The Council of the European Union – often referred to as the Council of Ministers forms one part of the legislature and the budgetary authority of the Union. The Council and European Parliament together adopt much of the EU’s legislation and the Union’s annual budget, on the basis of proposals put forward by the executive, the European Commission. The Council also takes decisions on specific areas of EU action, in particular in Common Foreign and Security Policy (CFSP), where it seeks to coordinate Member States’ positions, and concludes – subject to the consent of the Parliament – international agreements, usually negotiated by the Commission on the basis of a mandate.

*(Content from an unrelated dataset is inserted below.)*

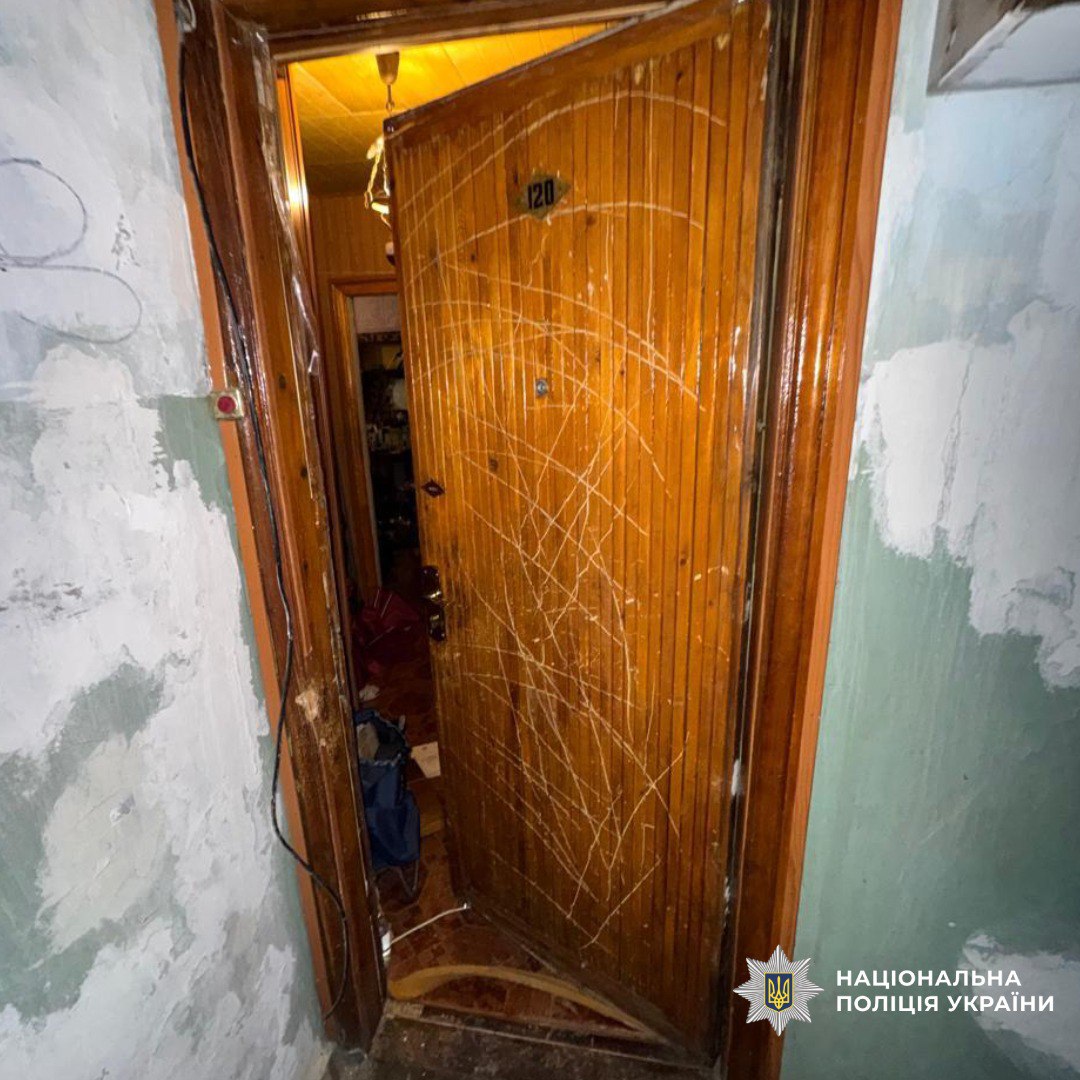 Бив молотком та різав ножем жінку: психічно хворий сусід жорстоко вбив літню містянку у Харкові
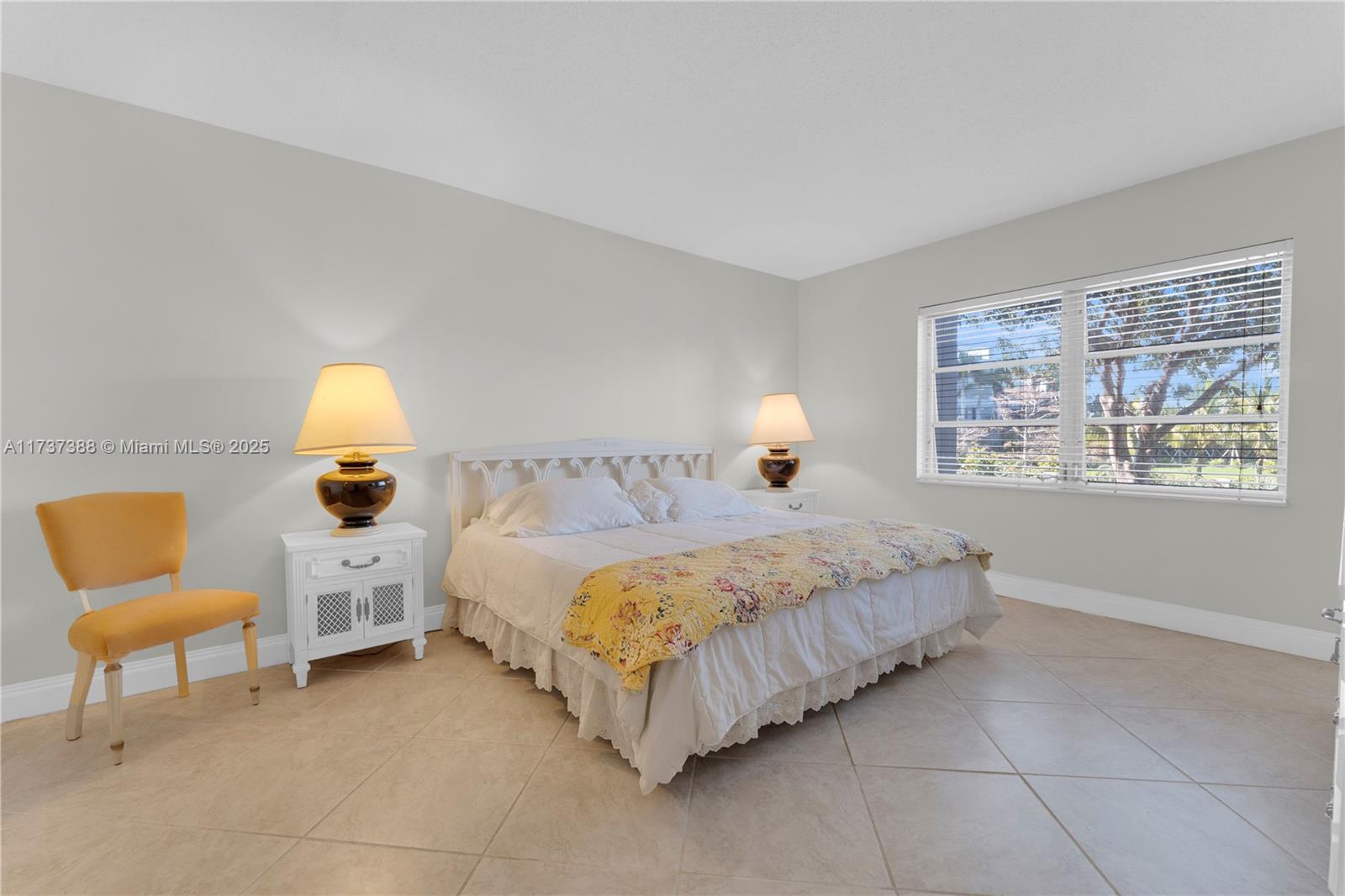 FAIRWAYS RIVIERA CONDO - Residential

The Council of the EU is distinct from the European Council, which is now a separate institution made up of the Heads of State or Government of the Member States. The European Council is responsible for defining the general political directions and priorities for the Union, but does not have formal legislative functions.

The Council is chaired by a rotating presidency. Each Member State takes a six-month term at the helm, chairing Council meetings themselves as well as the gatherings of the Committee of Permanent Representatives (Coreper) and the working parties which prepare the Council’s work. To ensure some degree of continuity between Member States’ terms, ‘trios’ covering three successive presidencies over an 18-month period are designated to try to develop and implement joint work programmes. Informal meetings, at ministerial or official level, often take place in the country holding the presidency, providing an opportunity to discuss priority issues, but without formal decisions being taken. (The Foreign Affairs Council and working parties in that field are chaired by the EU’s High Representative or his representatives.) The graphic below shows the order in which Member States will take on the presidency and the designated trios. National delegations are seated around the table in order of the rotation, with each moving one place clockwise at the start of every six-month period. In addition, the graphic shows the voting weight of each Member State.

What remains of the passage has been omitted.